DATA SEGMENT:
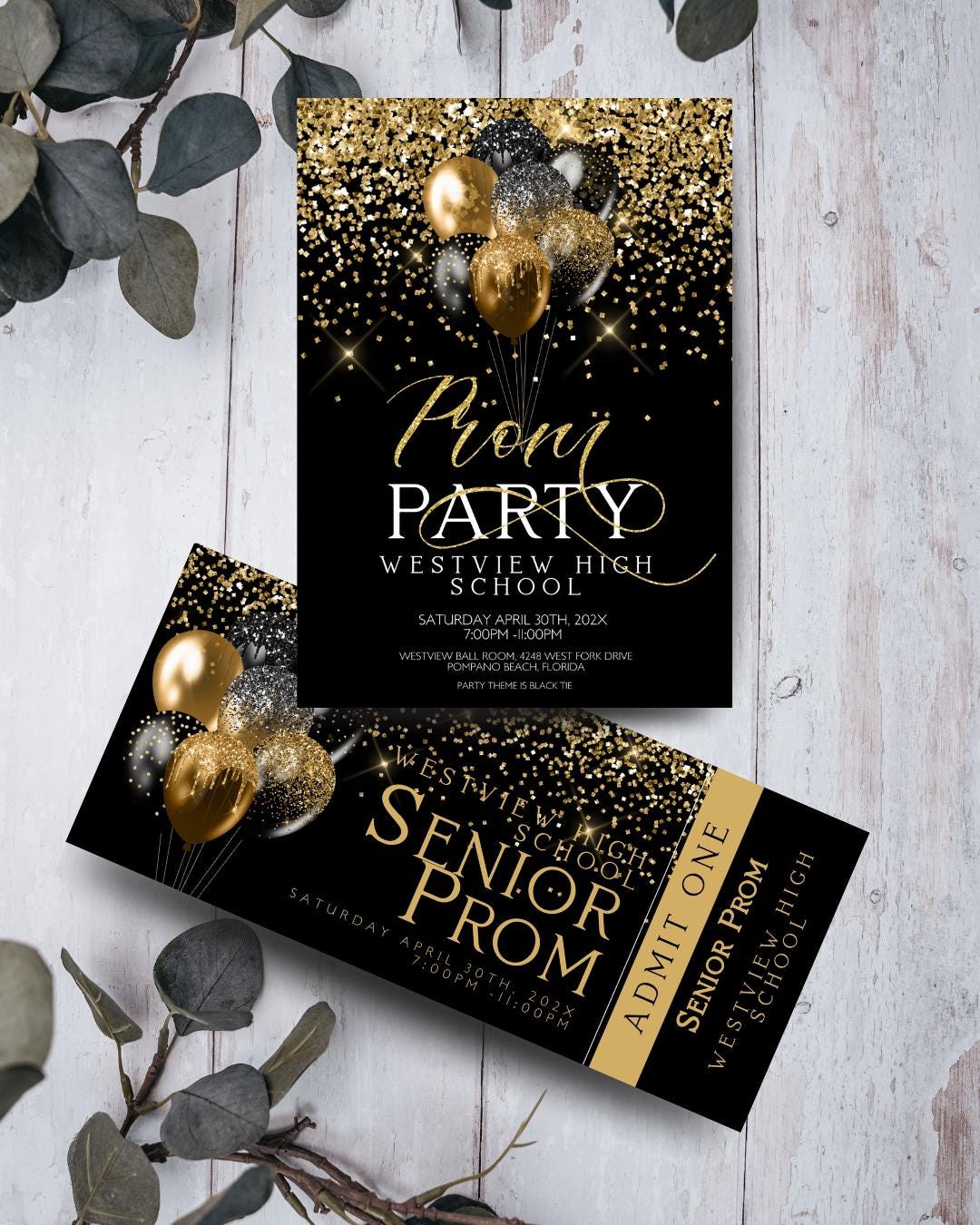 Invitación editable para baile de graduación en negro y dorado, boleto para  graduación de último año e invitación a fiesta con globos, plantilla Corjl imprimible  para baile escolar - Etsy México, image size:1080x1350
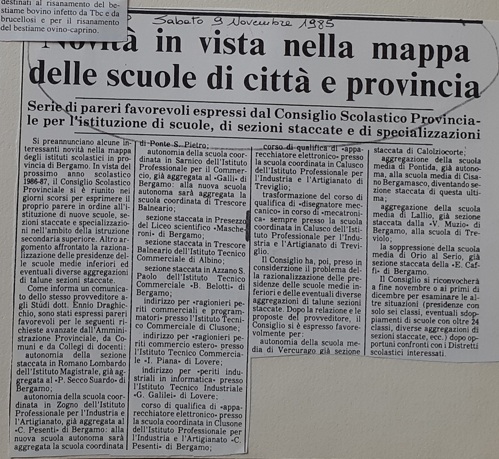 1985.11.09 Novità In Vista Nella Mappa Delle Scuole Di Città E Provincia
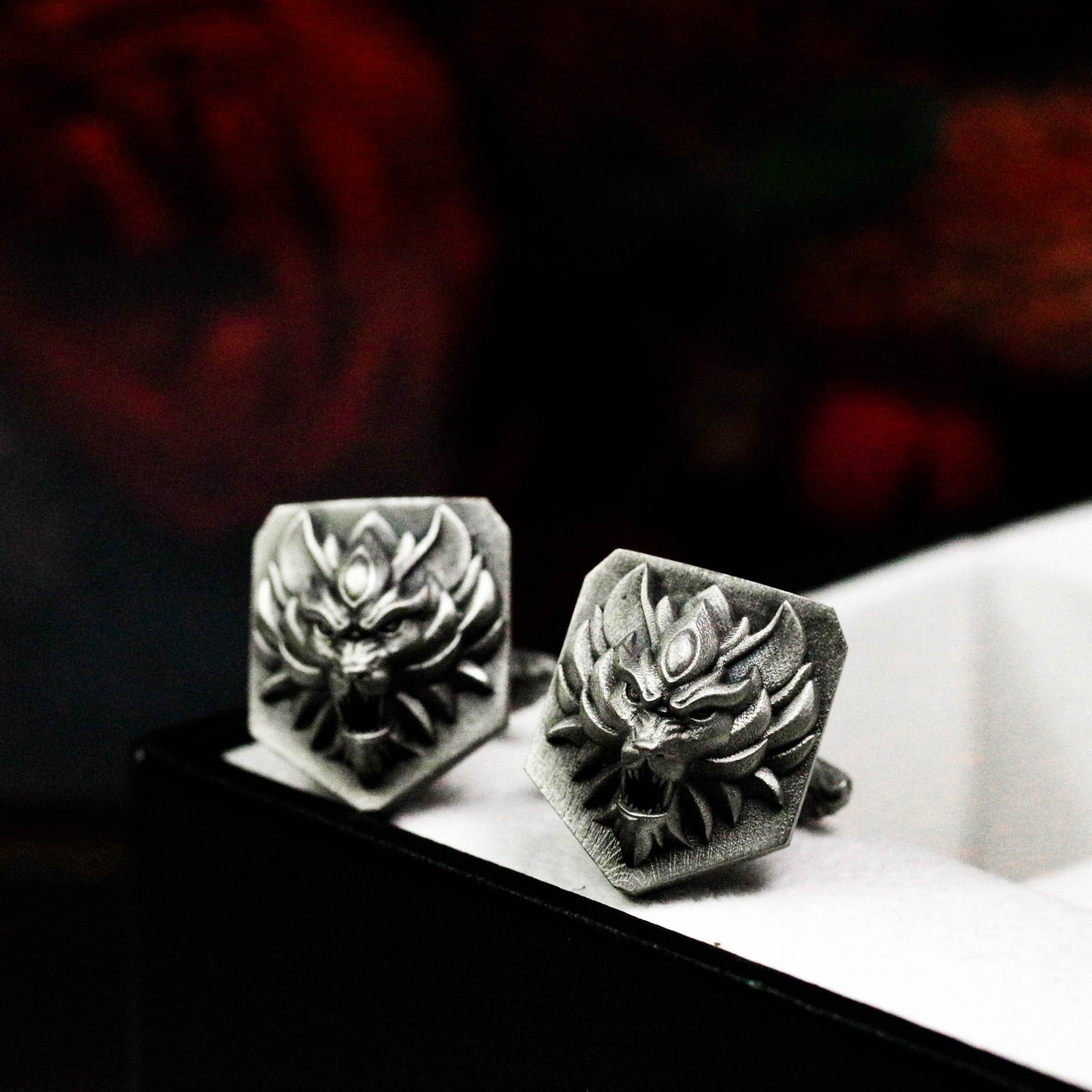 Wolf Leader Cufflinks - Animal Style - 925 Sterling Silver Handmade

DESCRIPTION OF THE TASK:
Everything in the listing should be copied exactly, apart from the images it holds.

TASK SOLUTION:
 Invitación editable para baile de graduación en negro y dorado, boleto para  graduación de último año e invitación a fiesta con globos, plantilla Corjl imprimible  para baile escolar - Etsy México, image size:1080x1350
 1985.11.09 Novità In Vista Nella Mappa Delle Scuole Di Città E Provincia
 Wolf Leader Cufflinks - Animal Style - 925 Sterling Silver Handmade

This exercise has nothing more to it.